Football Match Officials Killed 135 Persons
Information reaching Naija News House says that Football Match Officials Killed 135 Persons
A football club organiser and its chief of security were jailed by an Indonesian court on Thursday on charges of negligence leading to the deaths of 135 people when police fired tear gas inside a stadium last October, setting off a panicked run for the exits. The disaster in Kanjuruhan stadium in East Java’s Malang city was among the world’s worst sporting tragedies.
The incident took place in October 2022 when a tense match in Malang, East Java, between bitter rivals Arema FC and Persebaya Surabaya ended in chaos, with a pitch invasion and police responding with volleys of tear gas which choked onlookers and forced crowds to flee to exits – some of which were locked – resulting in the deadly crush.
The panel of three judges at Surabaya District Court, which was under heavy police guard, convicted Abdul Haris, the Arema FC Organising Committee chair, and the club’s security chief, Suko Sutrisno, of criminal negligence causing death and bodily harm following a nearly two-month trial.
About 140 witnesses testified during the trial. Haris was sentenced to 18 months in prison and Sutrisno to 12 months, far below the more than six years sought by prosecutors for each of them.
Match organiser Abdul Haris was found guilty on Thursday of “negligence causing people to die”, said the judge at the court in Surabaya city, located some 780km (484 miles) east of the capital, Jakarta.
“I am sentencing the defendant to a year and a half in prison,” presiding judge Abu Achmad Sidqi Amsya said.
The judges also found a stadium security official, Suko Sutrisno, guilty of negligence and sentenced him to one year in prison.
“The defendant did not anticipate the chaos because there has never been an emergency situation before. The defendant also did not understand his job as a security official well,” the judge said.

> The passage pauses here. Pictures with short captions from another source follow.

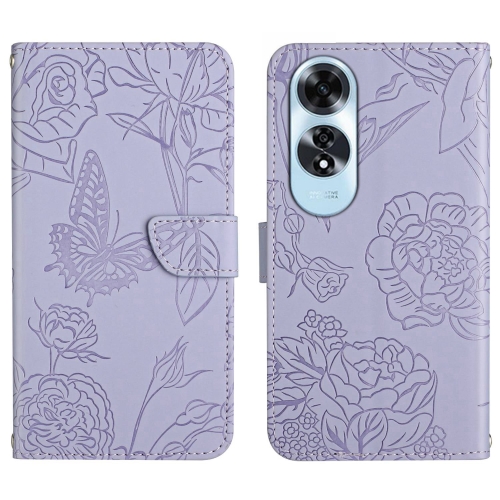 

For OPPO A60 4G HT03 Skin Feel Butterfly Embossed Flip Leather Phone Case(Purple)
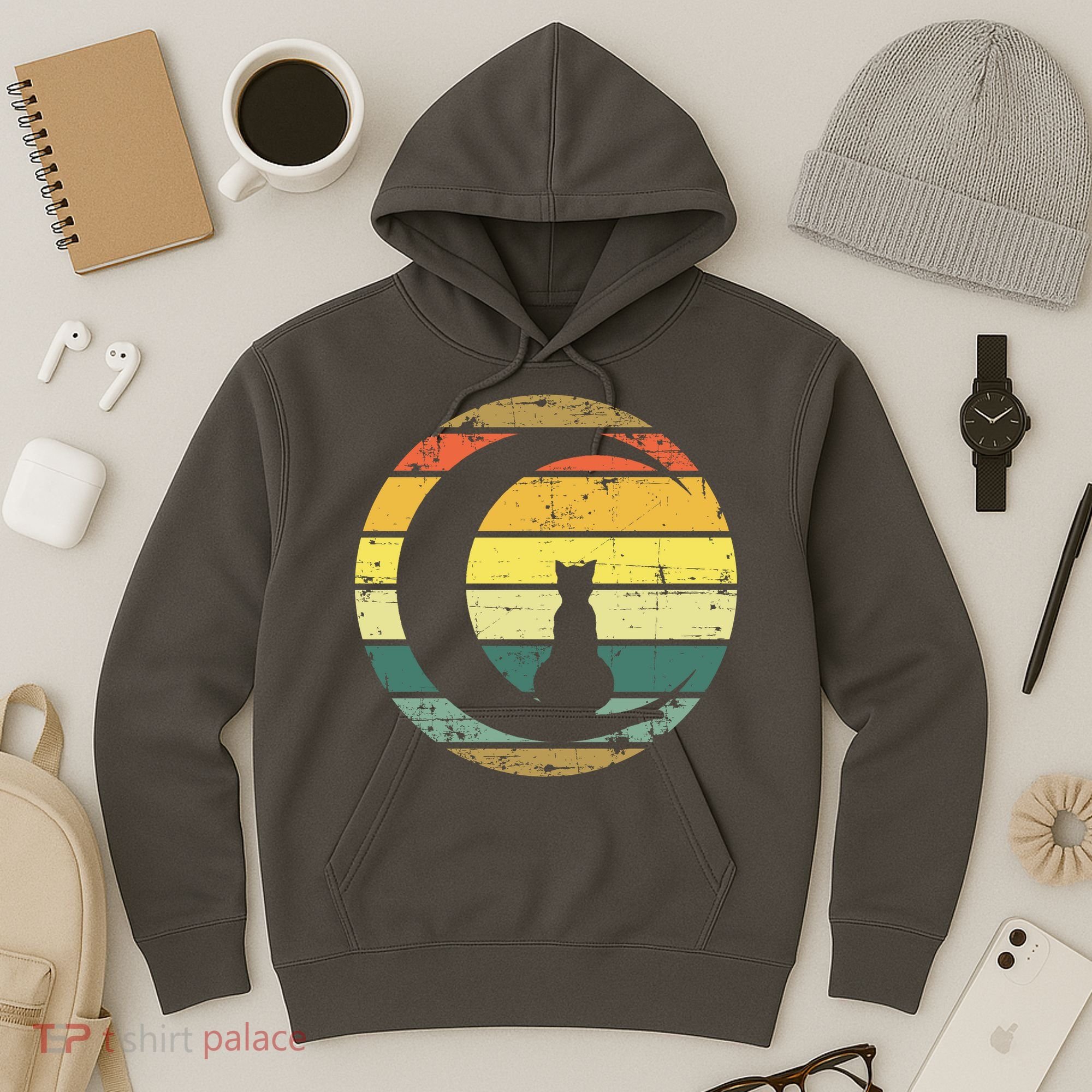 Cat Retro Moon Sunset Hoodie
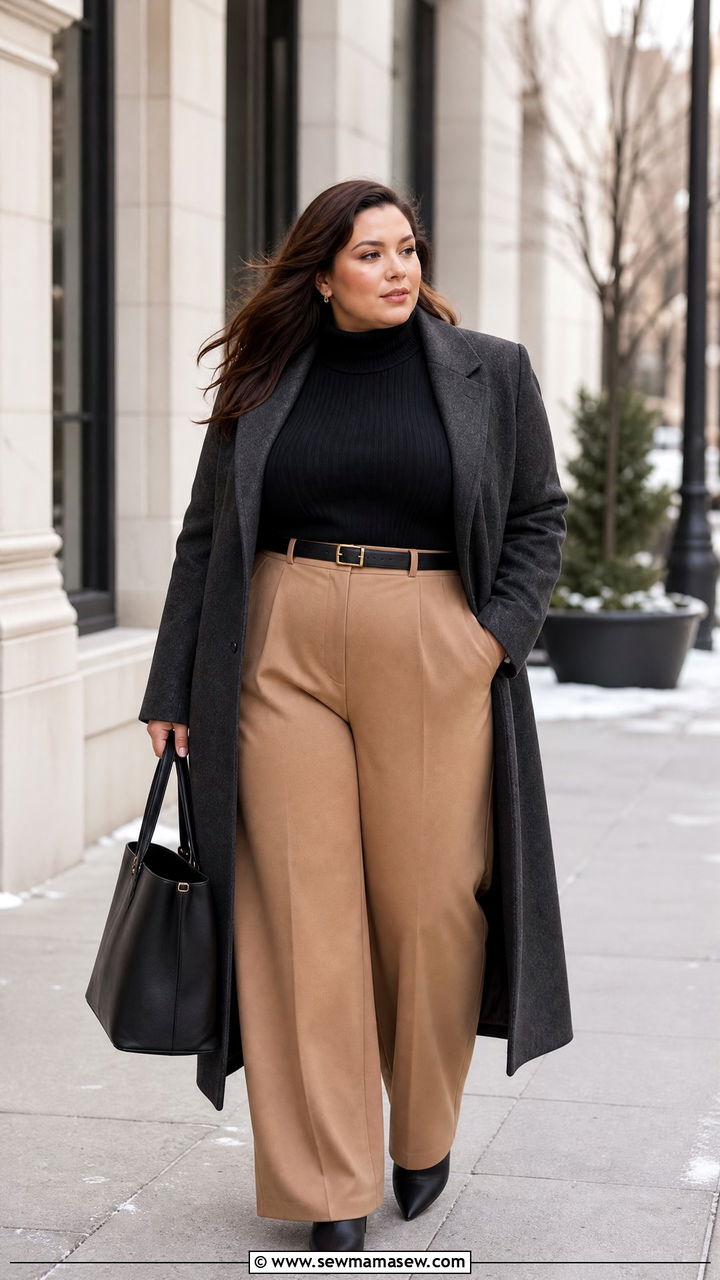 Plus Size Turtleneck And Wide Leg Pants Work Outfit - 20 plus size winter outfit ideas for work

Both men have seven days to appeal the verdict.
Three police officers – who were also charged with offences following the disaster at the Kanjuruhan Stadium – will have their verdicts decided at a later date.
The legal team for match official Abdul Haris did not immediately respond to a request for comment.
Al Jazeera’s Jessica Washington, reporting from Jakarta, said the court proceeding focused on the officials responsible for the ill-fated match.
“What we heard from the prosecution is that the organising committee, the match officials, well they had a responsibility to ensure that spectators were safe, that the stadium gates were unlocked, that evacuation routes were clear,” Washington said.
“The response that we heard from the defence was that, even though, yes, capacity may have been an issue – more than 43,000 tickets were sold for this match – in previous matches, the same amount of people had attended matches at that stadium … and there had been no safety incidents,” she said.
The defence also “pointed the finger at police, putting the blame very much on police who fired the tear gas”, Washington added.
Video footage from the night of the tragedy showed police firing tear gas not only at fans who had invaded the pitch but also at spectators in the stands.
“That resulted in people panicking and running for the gates only to find that many of the gates were closed, were locked, and they could not escape from the tear gas-filled stadium,” Washington said.
Investigators from Indonesia’s human rights body also placed most of the blame on the police for the “indiscriminate” and “excessive” use of tear gas on the night, she added.
That investigation found that police had fired 45 rounds of tear gas into crowds at the stadium, media reported.
Football’s world governing body FIFA has banned the use of tear gas as a crowd control measure inside stadiums.